▶ ABOUT THIS TASK: Everything from the line that holds "by Imogen Poots" through the end of the records below is to be transcribed exactly, except the pictures.

▶ MATERIAL PROVIDED:
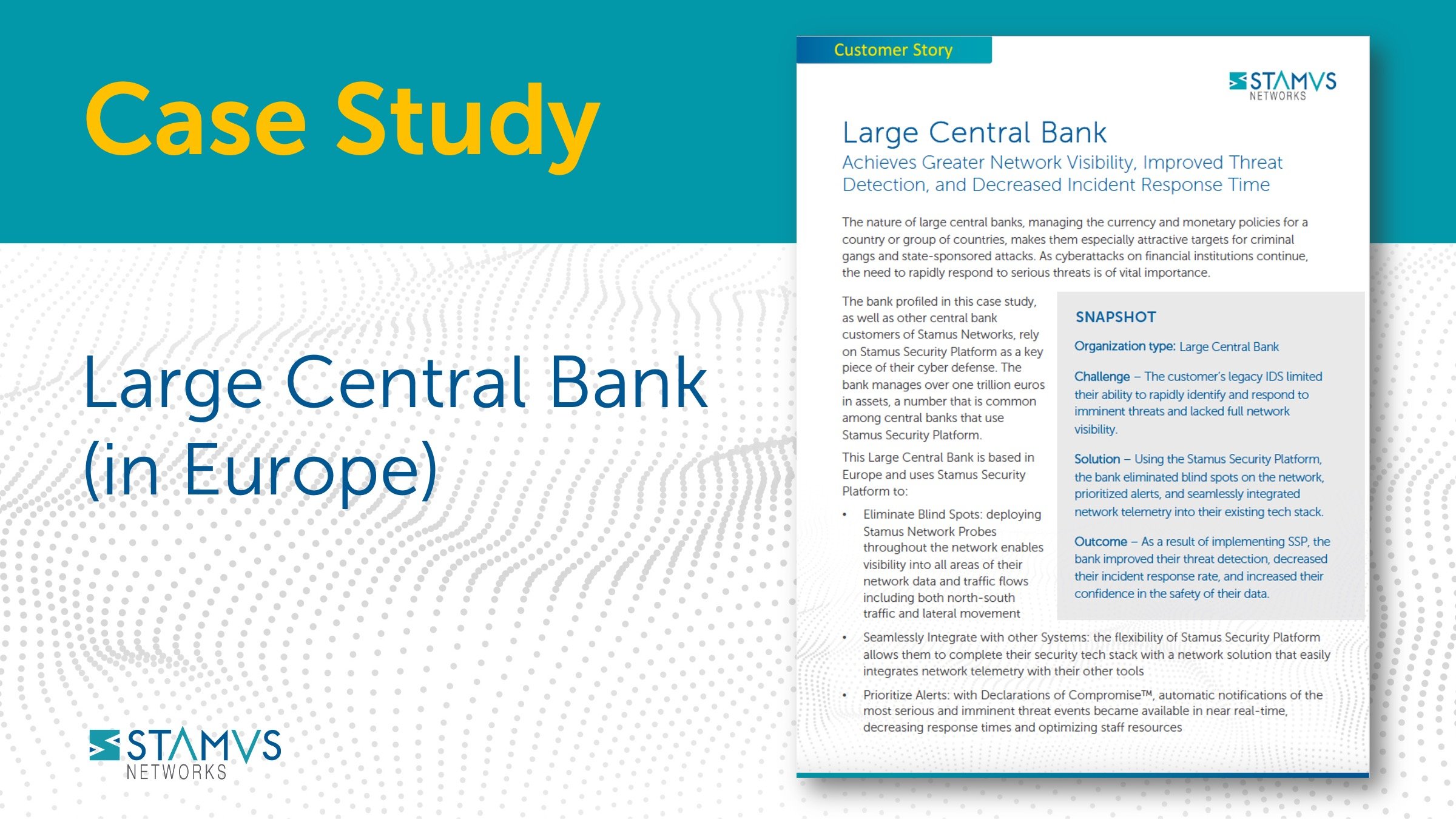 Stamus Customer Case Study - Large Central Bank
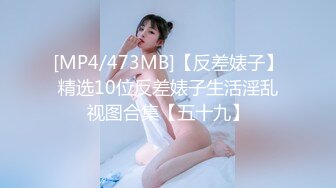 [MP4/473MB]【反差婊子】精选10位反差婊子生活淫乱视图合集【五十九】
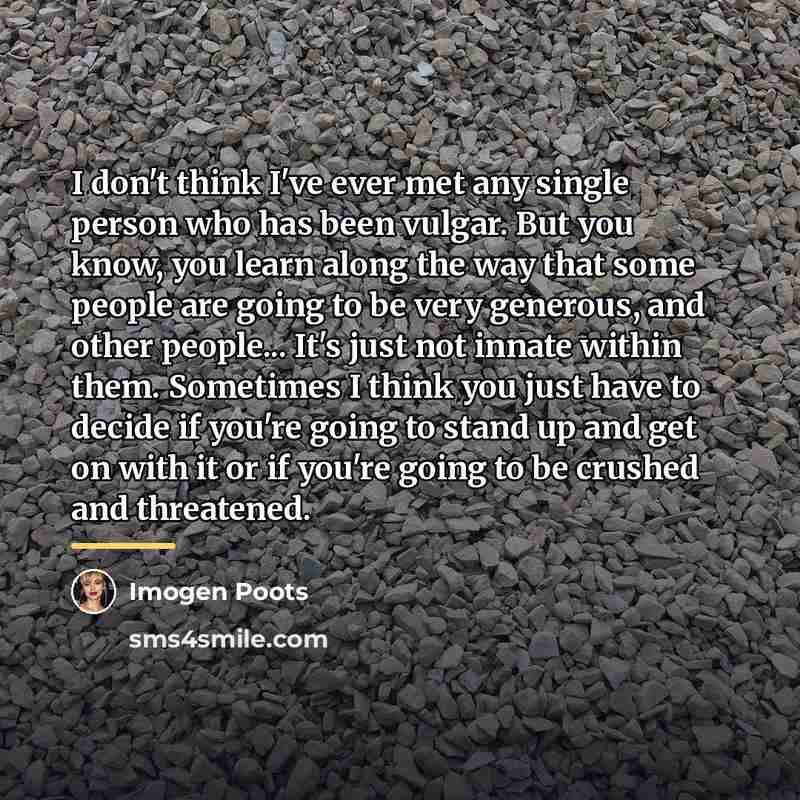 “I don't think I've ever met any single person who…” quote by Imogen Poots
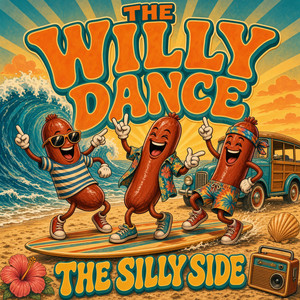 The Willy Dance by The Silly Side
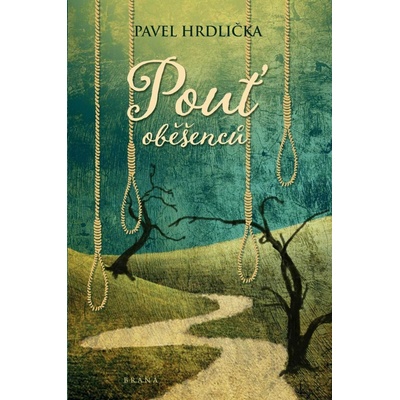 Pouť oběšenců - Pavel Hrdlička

▶ YOUR SOLUTION:
 “I don't think I've ever met any single person who…” quote by Imogen Poots
 The Willy Dance by The Silly Side
 Pouť oběšenců - Pavel Hrdlička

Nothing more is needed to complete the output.